In this case, resolving whether immunity applies depends on the outcome of issues that involve unresolved questions of fact. The record needs to be fully developed in a trial and the fact issues resolved before we could decide whether derivative governmental immunity applies to the suit. We decline the companies' request to issue an advisory opinion because the outcome of the legal issue the trial court identified depends on the manner the jury resolves the disputed facts.

We hold the companies' request to appeal does not involve a controlling question of law on which there is a substantial difference of opinion. We further hold that issuing an opinion on this record would be premature because it would not lead to an order that would likely terminate the Pages' lawsuit or allow the trial court to finally resolve any of the issues without conducting a trial.

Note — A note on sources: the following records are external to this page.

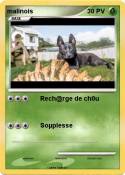 malinois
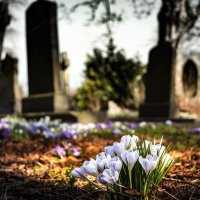 Какие цветы посадить на кладбище: многолетние и неприхотливые растения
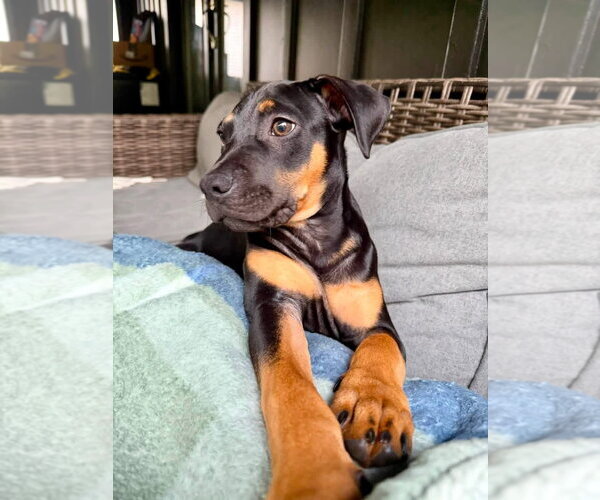Medium Photo #5 Mutt Puppy For Sale in Hillsboro, MO, USA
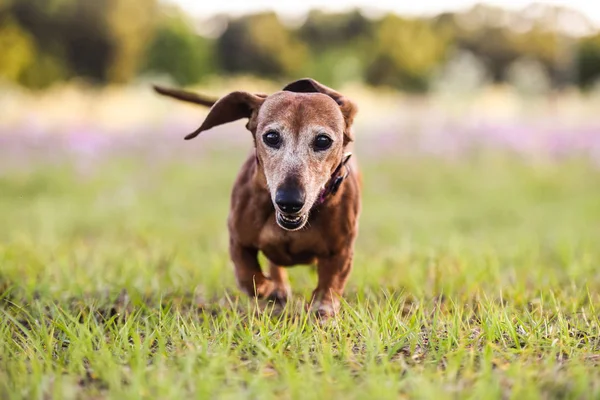 Foto Van Een Hond Van Wiener Waarop Een Warme Zonnige — Stockfoto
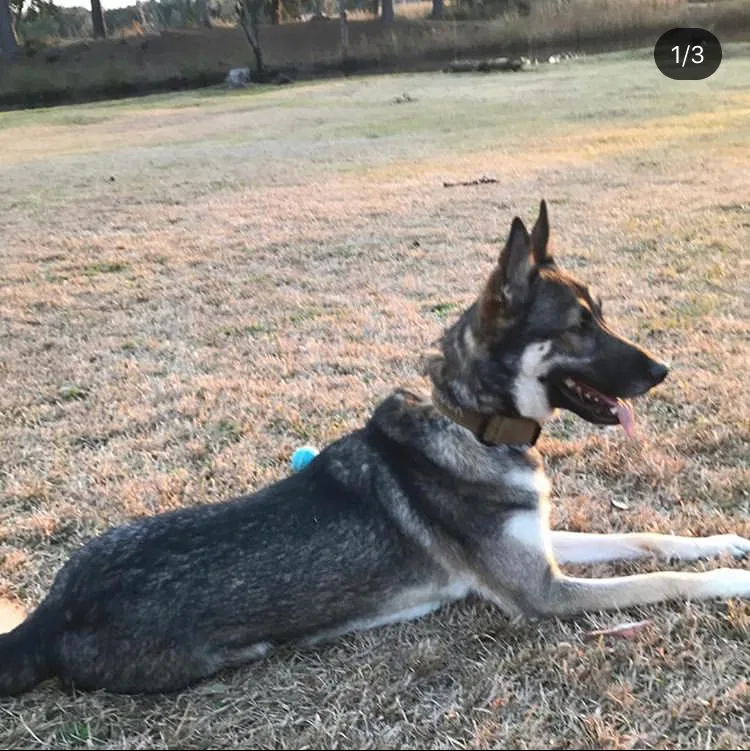 Lost dog in Savannah, GA, 31419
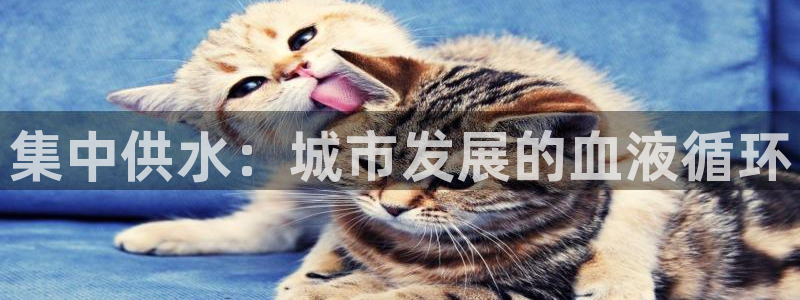 球友会审核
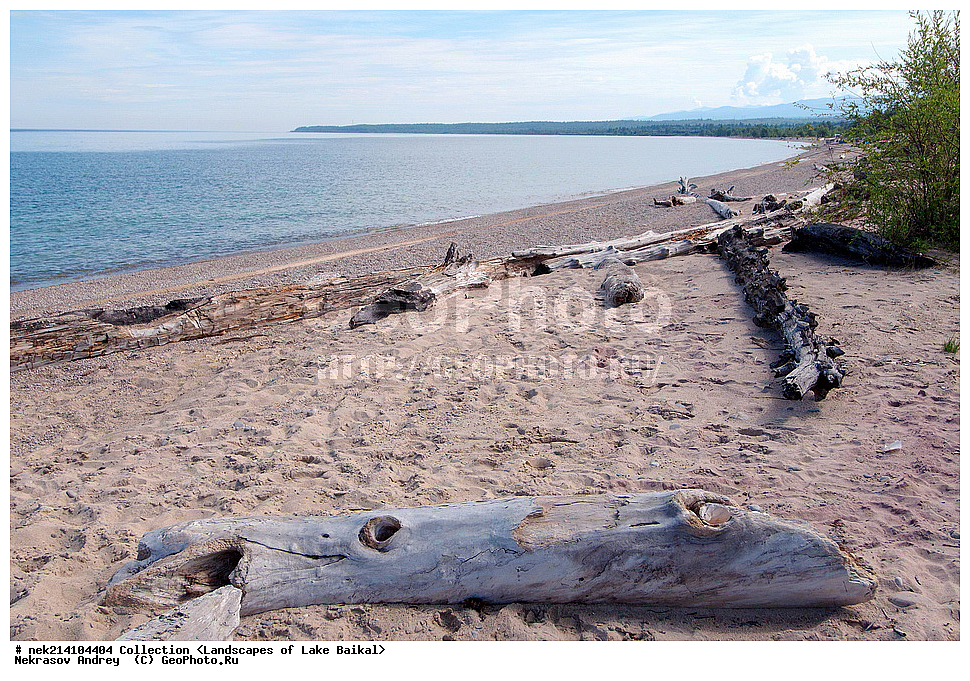 ������, ������, ������, �����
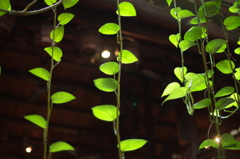 Green Curtain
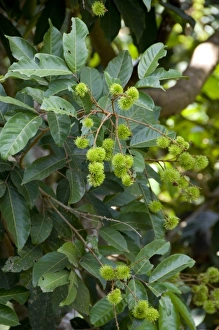 Dakshina Kannada Prints: India, state of Karnataka, Mangalore. Soans Farm, unripe rombutan (Nephelium lappaceum)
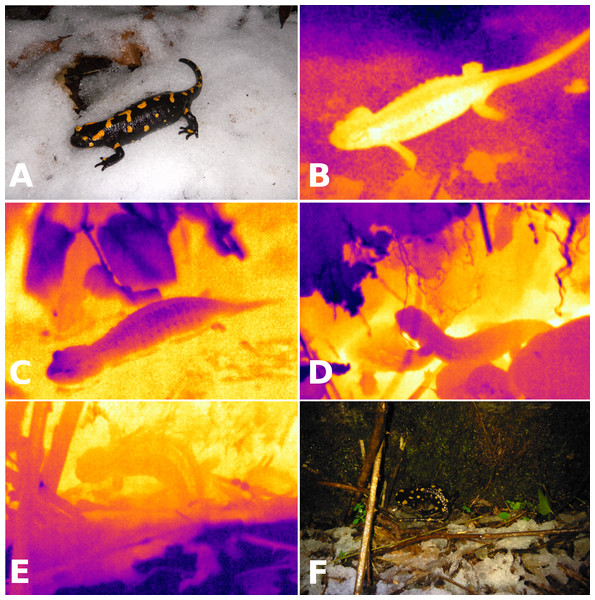 Visible light and infrared images of salamanders.
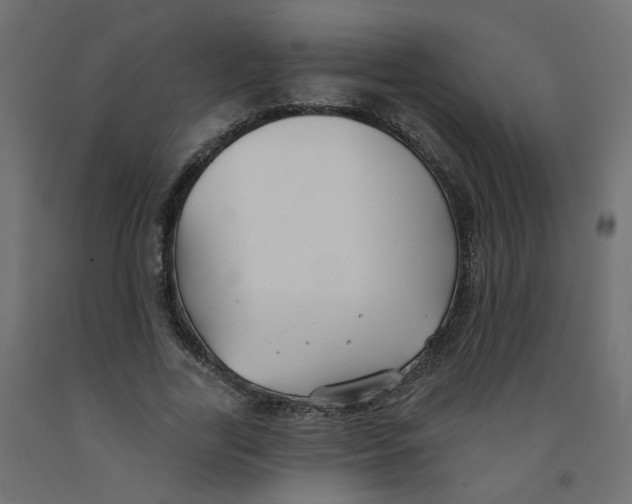 X0000092080731200710101040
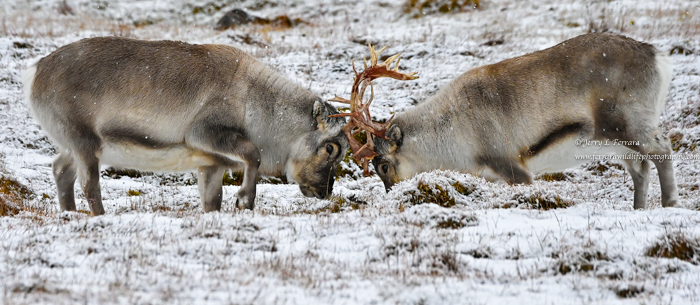 Svalbard Reindeer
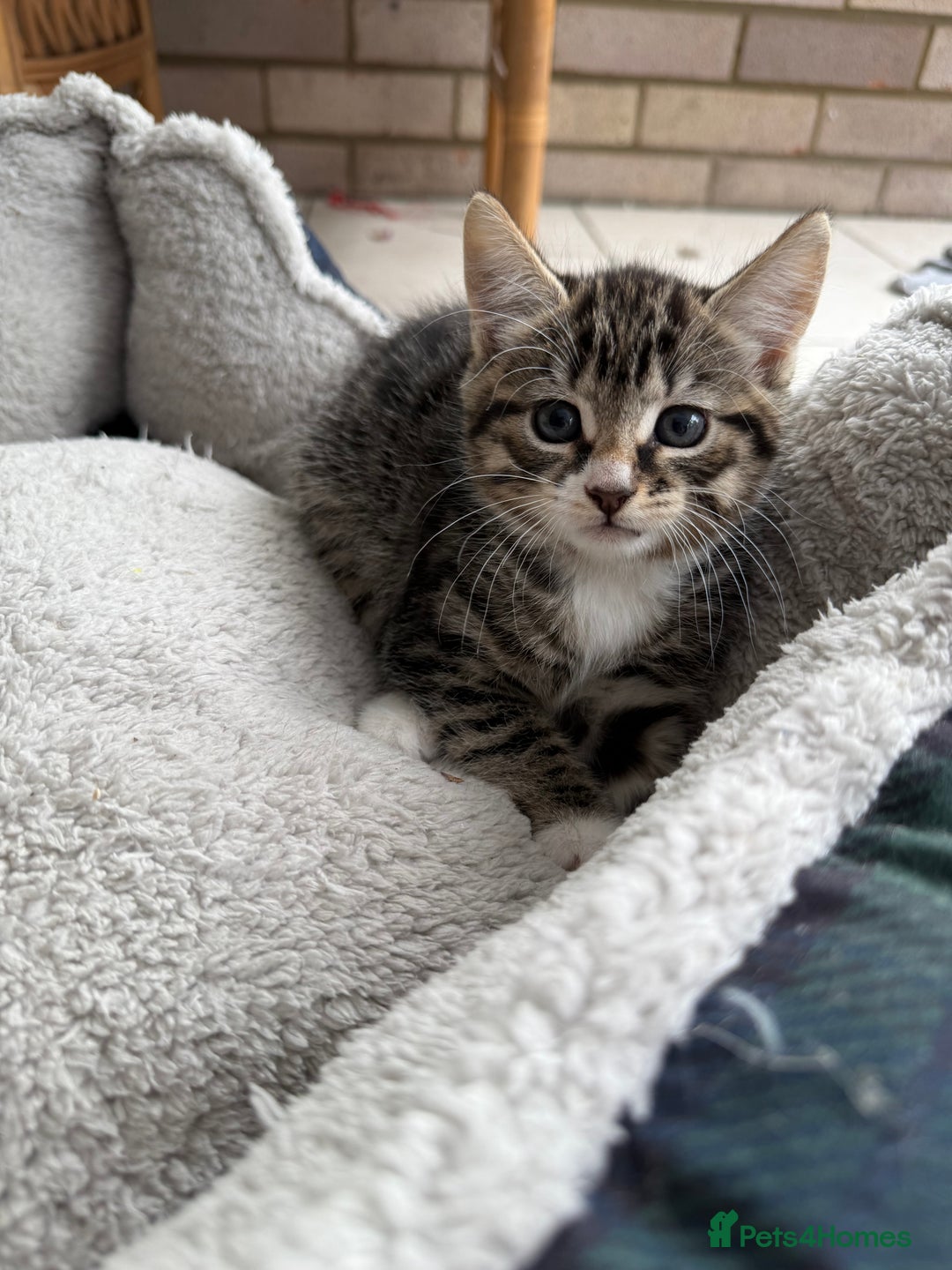 European cats for sale: 3 lovely girls  - Image 1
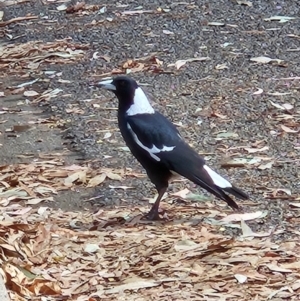 Gymnorhina tibicen at Garran, ACT - 28 Mar 2024 12:19 PM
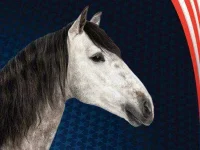 07-incitatus-horse-political-animals-fsl.webp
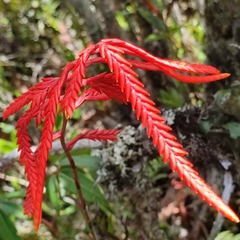 Racinaea pendulispica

Because the companies have not shown they met the dual prongs required to grant permission to appeal from the orders denying their pleas, we deny their request for permission to appeal.

PETITION DENIED.

PER CURIAM Submitted on April 1, 2020
Opinion Delivered April 2, 2020 Before McKeithen, C.J., Horton and Johnson, JJ.


Summaries of

R&T Ellis Excavating, Inc. v. Page

Court of Appeals Ninth District of Texas at Beaumont
Apr 2, 2020
NO. 09-20-00080-CV (Tex. App. Apr. 2, 2020)
Case details for

R&T Ellis Excavating, Inc. v. Page

Case Details

Full title:R&T ELLIS EXCAVATING, INC. AND PRINCIPAL SERVICES, LTD., Appellants v…

Court:Court of Appeals Ninth District of Texas at Beaumont

Date published: Apr 2, 2020

Citations

NO. 09-20-00080-CV (Tex. App. Apr. 2, 2020)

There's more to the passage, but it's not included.